- [Aim of the exercise]: Return the records exactly as they appear below, omitting the pictures.
== Segment start ==
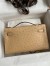 Hermes Kelly Pochette Handmade Bag In Chai Ostrich Leather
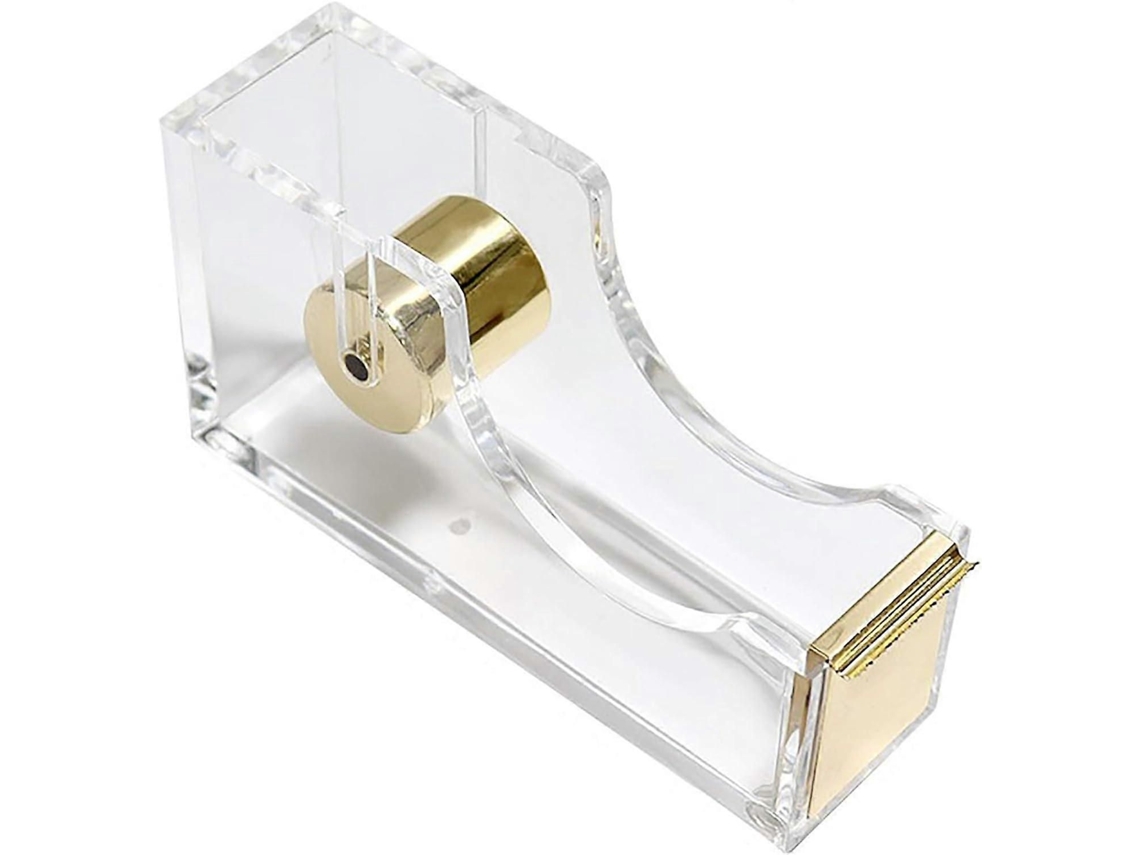 Dispensador de cinta adhesiva de acrílico transparente, cortador de cinta, material de oficina, antideslizante, fácil de usar. GOKOCO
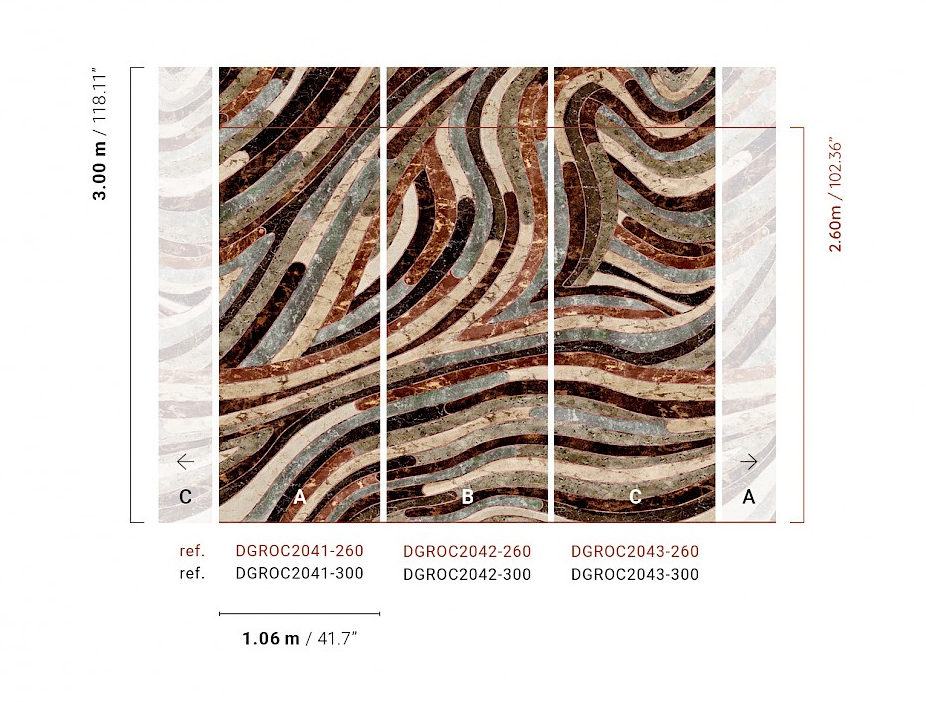 Masureel Fototapete Panel Rock Serpentine Rust DGROC2041260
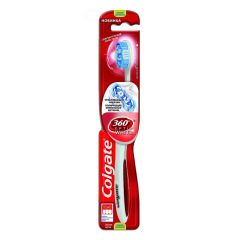 Colgate 360 Optic White Tandbørste - Medium - Rød 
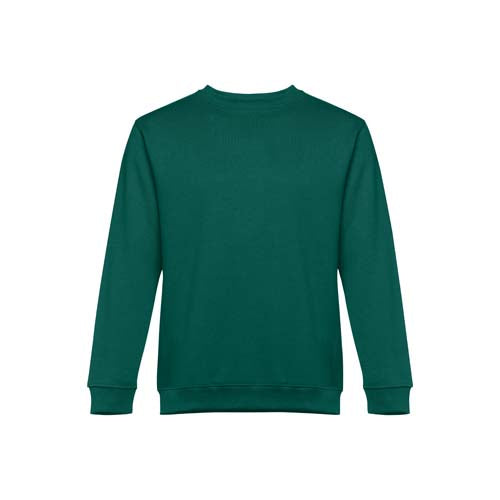 Sweatshirt adulto unissexo sem capuz na cor verde floresta.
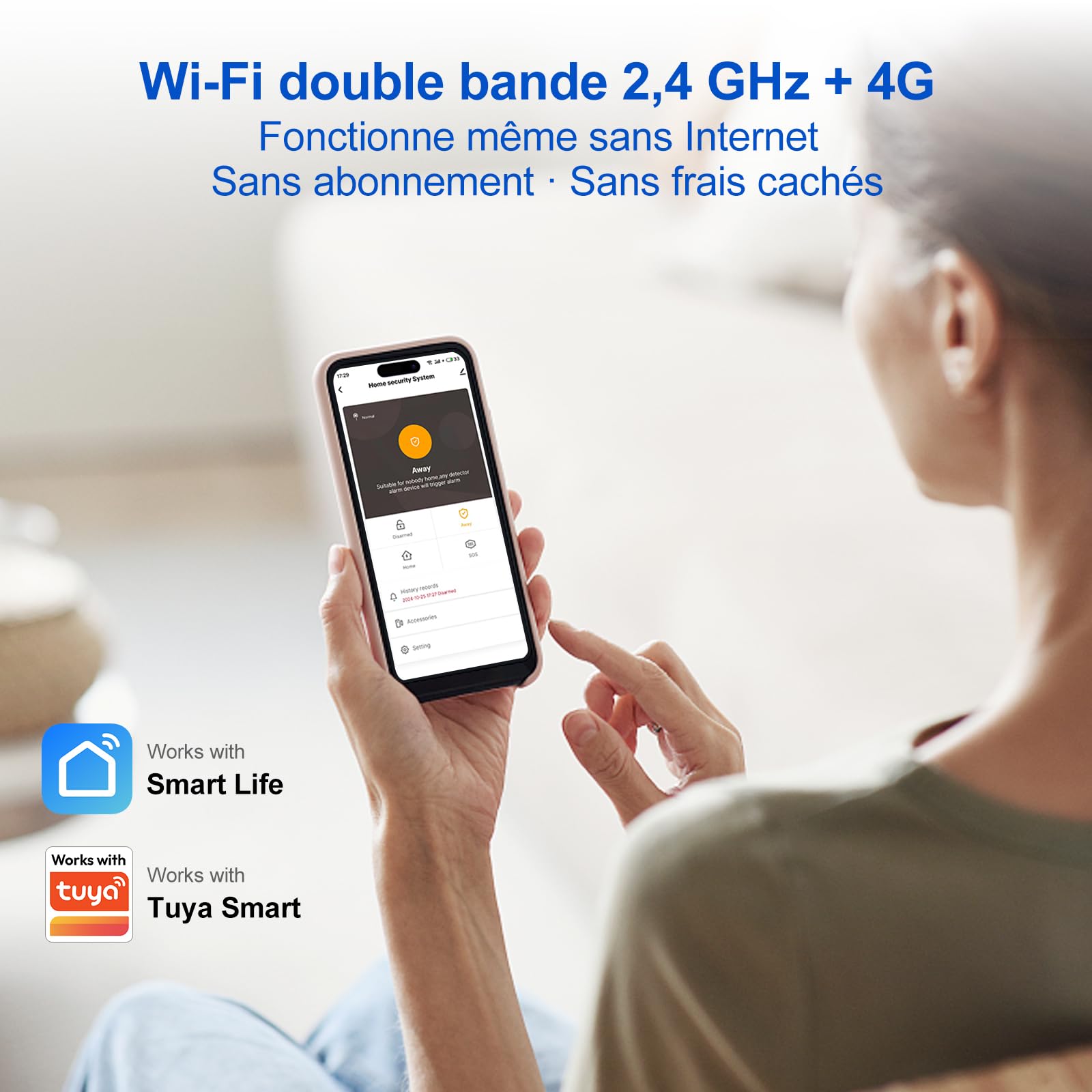 XUK Systeme Alarme Maison sans Fil – sans Abonnement ni Frais Mensuels – Kit Alarme Maison Complet avec Écran Tactile, Détecteur de Mouvement, Détecteur d’Ouverture, Sirène – Works with Alexa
== Segment end ==
- [Answer section]:
 Hermes Kelly Pochette Handmade Bag In Chai Ostrich Leather
 Dispensador de cinta adhesiva de acrílico transparente, cortador de cinta, material de oficina, antideslizante, fácil de usar. GOKOCO
 Masureel Fototapete Panel Rock Serpentine Rust DGROC2041260
 Colgate 360 Optic White Tandbørste - Medium - Rød 
 Sweatshirt adulto unissexo sem capuz na cor verde floresta.
 XUK Systeme Alarme Maison sans Fil – sans Abonnement ni Frais Mensuels – Kit Alarme Maison Complet avec Écran Tactile, Détecteur de Mouvement, Détecteur d’Ouverture, Sirène – Works with Alexa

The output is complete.